Caroline Rush, BFC CEO becomes Creative Ally Champion as part of BBC Creative Allies Tool launch
The BBC’s Creative Diversity Unit, led by June Sarpong launched the Creative Allies Initiative, uniting organisations inside and outside the creative industry to promote the concept of allyship. Caroline Rush, BFC CEO is amongst a number of Creative Ally Champions who have all pledged to develop the next generation of creative leaders from backgrounds that are currently underrepresented in their organisations. Additionally, the leaders pledged to demonstrating their commitment to inclusion through the promotion of allyship, which is where people - at any level in an organisation - can support colleagues who may have had fewer advantages than them in life. The ambition is that many more leaders within the creative industry and beyond will also sign up as allies.

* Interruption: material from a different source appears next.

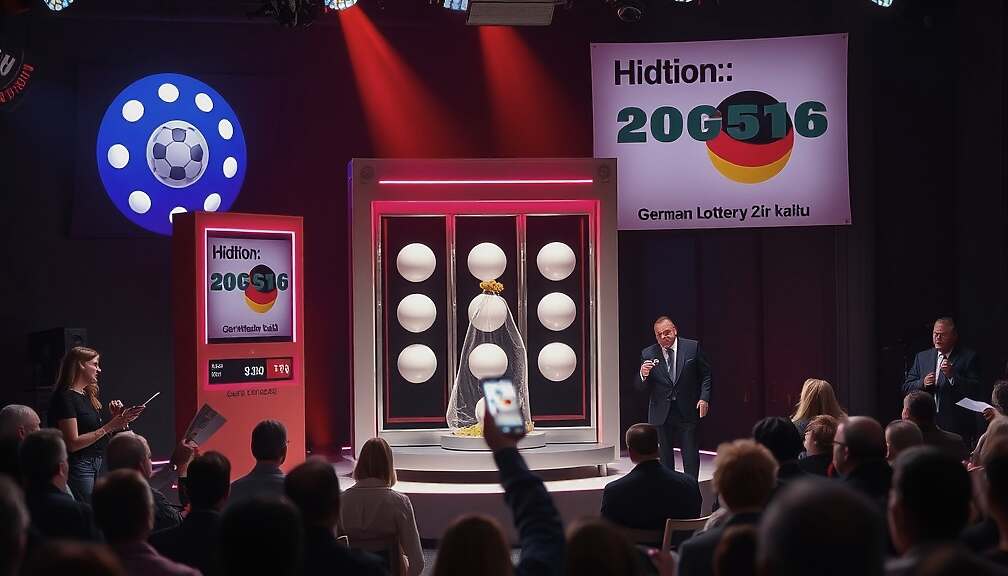 2‑8‑9‑29‑39‑44 (Superzahl 6) - €19 M Jackpot, Odds 1 in 140 Million️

BFC’S IPF launches long term project to celebrate British black fashion & culture
The BFC’s Institute of Positive Fashion announce its second project, The Missing Thread, in partnership with the Black Oriented Legacy Development Agency. The project will celebrate British Black Fashion & Culture from 1975 to now through a series of programmed events, culminating in a major exhibition in summer 2022.
The fashion industry currently lacks a resource of vital Black British contributions from a cultural, design and socio-political perspective, having erased many important historical narratives. The cost of neglecting these stories is detrimental to the industry as a whole. Going forward, design knowledge and history must be taught with an appreciation and awareness of the cultural contributions of all races to the fabric of British society.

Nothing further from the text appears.